WHO chief due in Canaries to coordinate hantavirus ship evacuation
Tedros Adhanom Ghebreyesus will accompany Spain's health and interior ministers to a command post there "to ensure coordination between administrations, health control, and the application of the planned surveillance and response protocols", the sources said.
Three passengers from the MV Hondius -- a Dutch husband and wife and a German woman -- have died, while others have fallen sick with the rare disease, which usually spreads among rodents.
The only hantavirus strain that can transmit from person to person -- Andes virus -- has been confirmed among those who have tested positive, fuelling international concern.
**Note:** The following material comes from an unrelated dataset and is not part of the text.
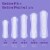 Always Discreet Incontinence and Postpartum Moderate Long Size 4 Pads Perspective: back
The Dutch-flagged vessel, which has around 150 people on board, is expected to arrive at the Spanish Canary Island of Tenerife on Sunday. Special flights will then take passengers to their home countries. Tedros Adhanom Ghebreyesus, Director General of the World Health Organization (WHO), speaks to journalists during a press conference at the World Health Organization (WHO) headquarters in Geneva, Switzerland, on April 6, 2023.
Earlier Friday, the WHO said that the hantavirus outbreak posed a minimal risk to the general public.
"This is a dangerous virus, but only to the person who's really infected, and the risk to the general population remains absolutely low," WHO spokesman Christian Lindmeier told reporters.
A picture was emerging from MV Hondius where "even those who have been sharing cabins don't seem to be both infected in some cases", when one has fallen sick, he added.
"The virus is not that contagious that it easily jumps from person to person," he said.
The WHO said Friday there were six confirmed out of eight suspected cases of the virus so far. There are no suspected cases remaining on the ship.
KLM flight attendant negative
A flight attendant on the Dutch airline KLM, who came into contact with an infected passenger from the cruise ship and later showed mild symptoms, tested negative for hantavirus, the WHO said Friday.
The passenger -- the wife of the first person to die in the outbreak -- had briefly been on a plane bound from Johannesburg to the Netherlands on April 25, but was removed before take-off.
She died the following day in a Johannesburg hospital.
Spanish authorities said a woman on that flight was being tested for hantavirus, having developed symptoms at home in eastern Spain. She is in isolation in hospital, said health secretary Javier Padilla.
"This is a pretty unlikely case," he told reporters: someone "two rows behind the personwho died with hantavirus".
Spanish interior ministry sources said a South African woman who was also on the flight "is currently asymptomatic in South Africa after staying in Barcelona for a week before returning to her country".
Two Singapore residents who had been on the ship tested negative for the disease but would remain in quarantine, the city state's authorities said Friday.